Sekihoji Temple is a temple of the Őbaku school of Zen Buddhism. The temple has distinctive Chinese-style gates, which is a characteristic of Obaku School. It is the place where Ito Jakuchu built a hamplet and spent the last years of his life. You can find his cemetery in the temple ground (there is his another grave in Shokokuji Temple).
On the mountain behind the main hall of the temple, there are stone statues of 500 arhats (followers of Buddha) and others made under Jakuchu Ito. This is a very interesting place, as the stone statues represent scenes from the birth to the death of Buddha. Jakuchu Ito was not a scalpter but a painter. Jakuchu drew the Five Hundred Arhats and stonemasons made them.
Unfortunately, you cannot take photos of them.
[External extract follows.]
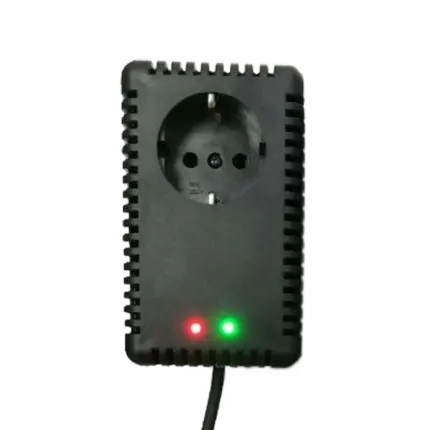 230V Schakelaar Fence Control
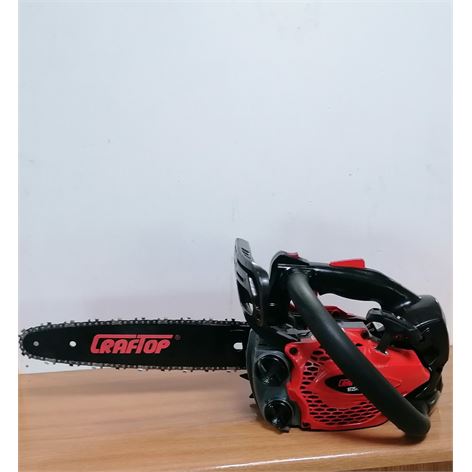 CRAFTOP ΚΛΑΔΕΥΤΙΚΟ ΑΛΥΣΟΠΡΙΟΝΟ NT2510 CARVING ΛΑΜΑ 25cm (131244)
So please visit the Sekihoji Temple website to see them.
Every year on September 10, the anniversary of Ito Jakuchu’s death, Sekihoji Temple exhibits Jakuchu’s paintings from its collection. More than 10 of Jakuchu’s works, including his famous tiger paintings, will be on display. This is a unique opportunity to see a large number of works by Jakuchu Ito.
Sekihoji is within 10 minutes walk from famous Fushimi Inari shrine, but only few tourists visit this temple.
The Fushimi Inari Taisha Shrine, which is very popular for its 1,000 vermilion Torii gates, is very close by.
The nearby Hotoji Temple, despite having a treasure tower designated as an important cultural asset, is still rarely visited by tourists.